Prolog
Sabtu sore 11 Agustus kemarin,
sekitar pukul 4 saya dan satu teman meluncur mulus ke Jalan Kaliurang, tepatnya
menuju Seknas Komunitas Gusdurian di Dayu, Ngaglik, Sleman. Sore ini ada
undangan dari Komunitas Gusdurian Jogja untuk memperingati ultah Gus Dur yang
ke 72, ini dengan asumsi bahwa tanggal lahir Gus Dur adalah tanggal 4 Agustus
1940.
Ada yang unik disini, menurut
cerita mas Heru yang menjadi narasumber sore itu, sebenarnya Gus Dur lahir
tanggal 7 September, bukan 4 Agustus. Waktu itu ibunda beliau, Hj. Solichah
mengatakan pada petugas pencatat kelahiran bahwa anaknya lahir tanggal 4 bulan
8. Sang petugas menangkap dan menulisnya sebagai 4 agustus, padahal yang
dimaksud ibunda beliau adalah tanggal 4 bulan 8 Hijriyah, yakni tanggal 4 bulan
Syakban, bukan penanggalan masehi. Nah, tanggal 4 Syakban ini kalau di hitung
memakai kalender masehi akan jatuh tepat tanggal 7 September 1940, bukan 4
Agustus. Argumen ini didasarkan pada pemahaman bahwa waktu itu, ibunda Gus Dur
belum begitu tahu kalender masehi, laiknya orang pesantren, beliau lebih hafal
dan terbiasa memakai penanggalan hijriyah atau jawa. Tetapi berhubung tanggal 4
agustus ini sudah menjadi catatan resmi kelahiran Gus Dur, maka ya sudahlah, the show must go on! Ultahnya tetap
diselenggarakan panitia. (lebih detailnya, silahkan baca The Authorized Biography of Abdurrahman Wahid-nya Greg Barton,
terbitan LkiS Jogja).
Acara diawali dengan nonton film
sejarah Gus Dur yang diambilkan dari salah satu acara di sebuah TV swasta
nasional. Setelah itu dilanjutkan diskusi bareng dengan mas Heru Prasetya, salah
seorang penulis buku komik Gus Dur van
Jombang (bagi yang suka komik, silahkan beli buku terbitan Bentang Pustaka
jogja ini, isinya tentang biografi beliau yang dikomikkan). Menjelang berbuka
puasa, moderator meminta mbak Alisa Wahid, putri Gus Dur yang menjadi
koordinator Komunitas Gusdurian se Indonesia untuk memberikan sambutan.

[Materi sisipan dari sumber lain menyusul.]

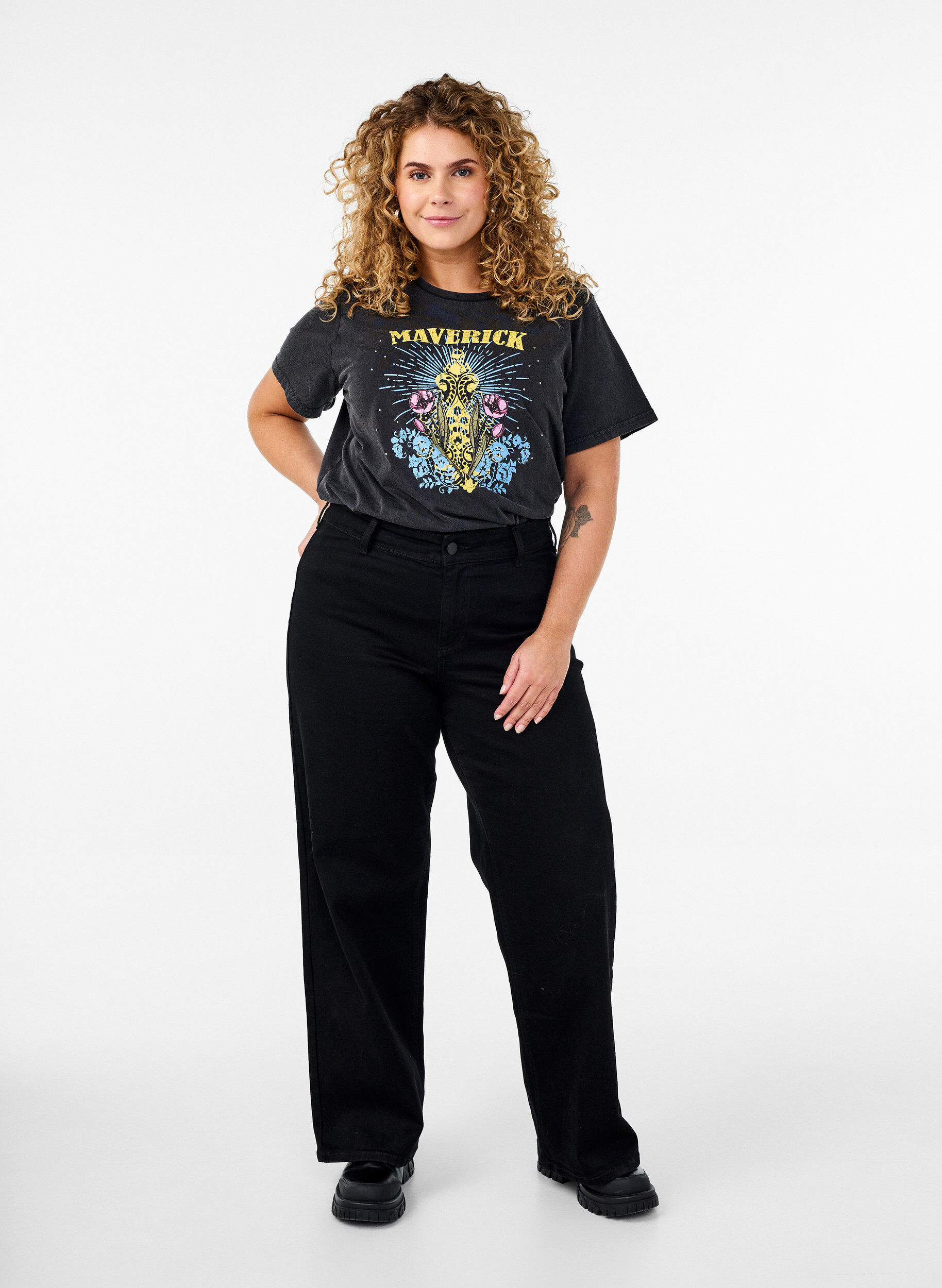 ZizziT-shirt in biologisch katoen met grafische print, Grijs, Model image number 1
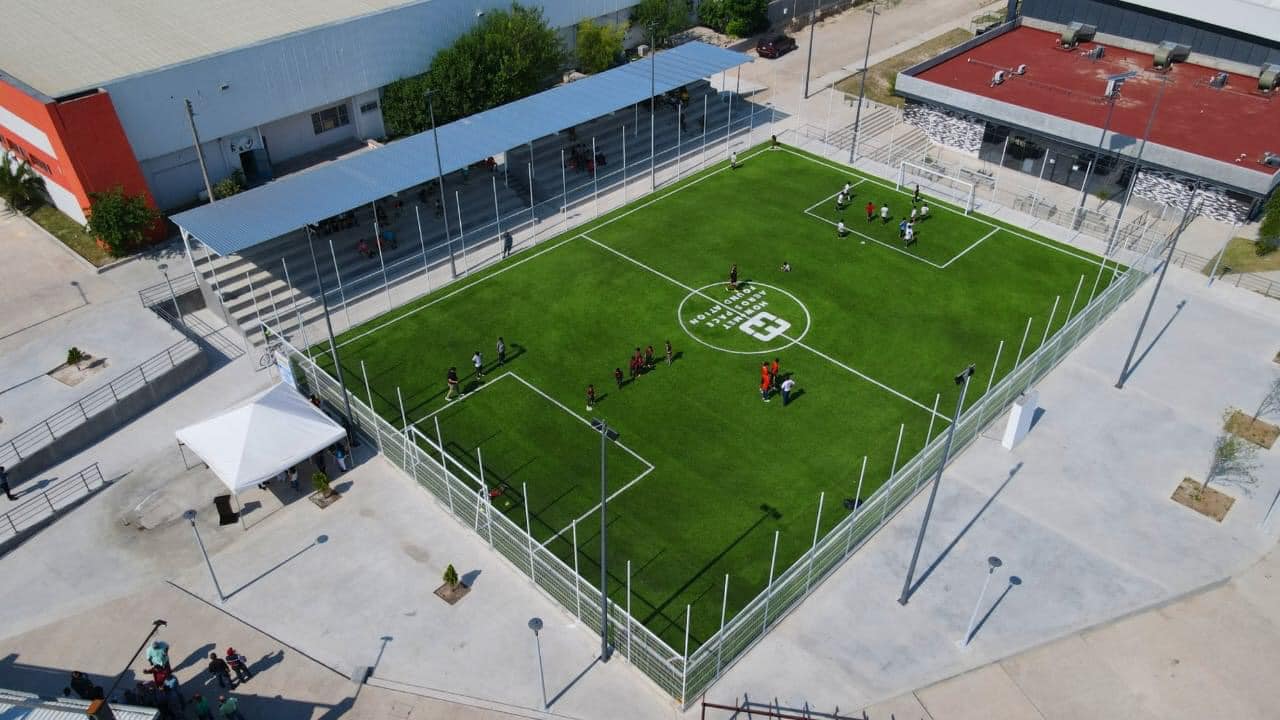 CUANDO SOCIEDAD Y GOBIERNO SUMAN ESFUERZOS SE LOGRAN GRANDES OBRAS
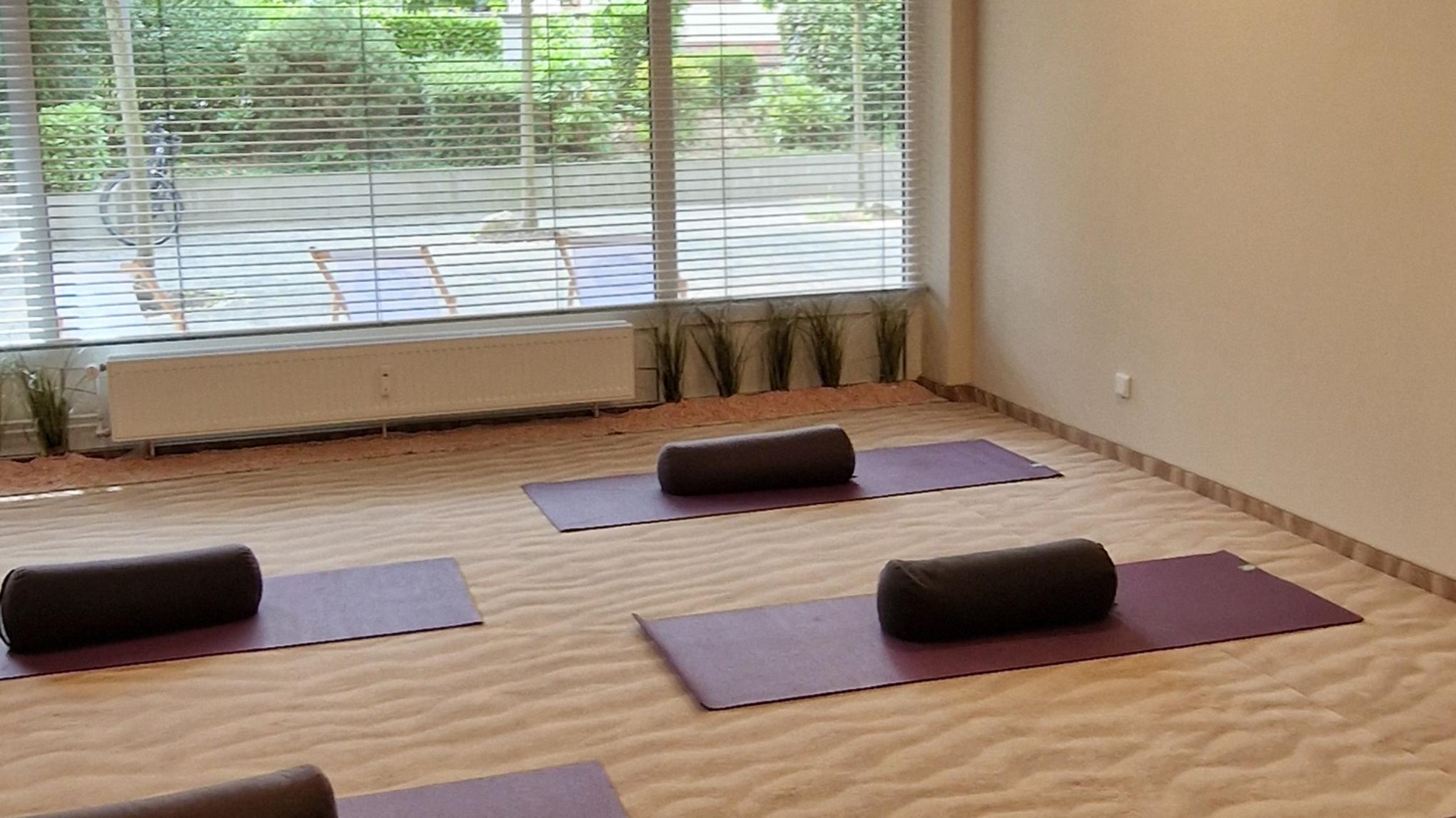 Hatha Yoga bei Salzluft Erlebnis Karben mit Andrea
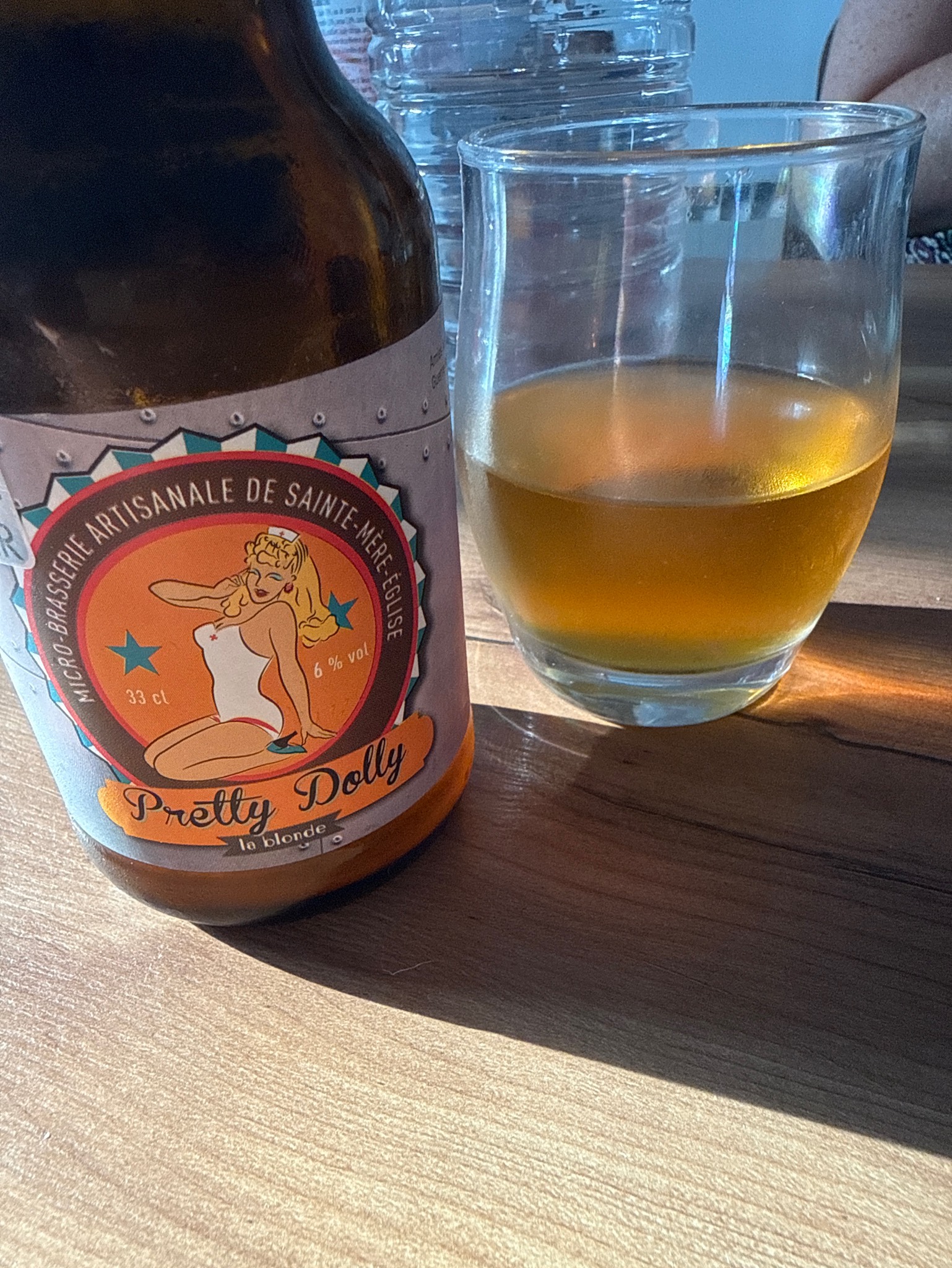 Pretty Dolly, Brasserie De Sainte-Mère-Église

Hal yang disampaikan Mbak Alisa ini
adalah tentang 9 nilai dasar prisma pemikiran Gus Dur. Bagi teman-teman yang
belum tahu, 9 nilai pemikiran Gus Dur ini dirumuskan pada peringatan setahun
wafatnya Gus Dur di Ciganjur sana. Ada banyak tokoh nasional yang terlibat
seperti Romo Magnis, Greg Barton dan masih lainnya yang menganggap diri sebagai
Gusdurian ataupun sekedar pengagum Gus Dur belaka.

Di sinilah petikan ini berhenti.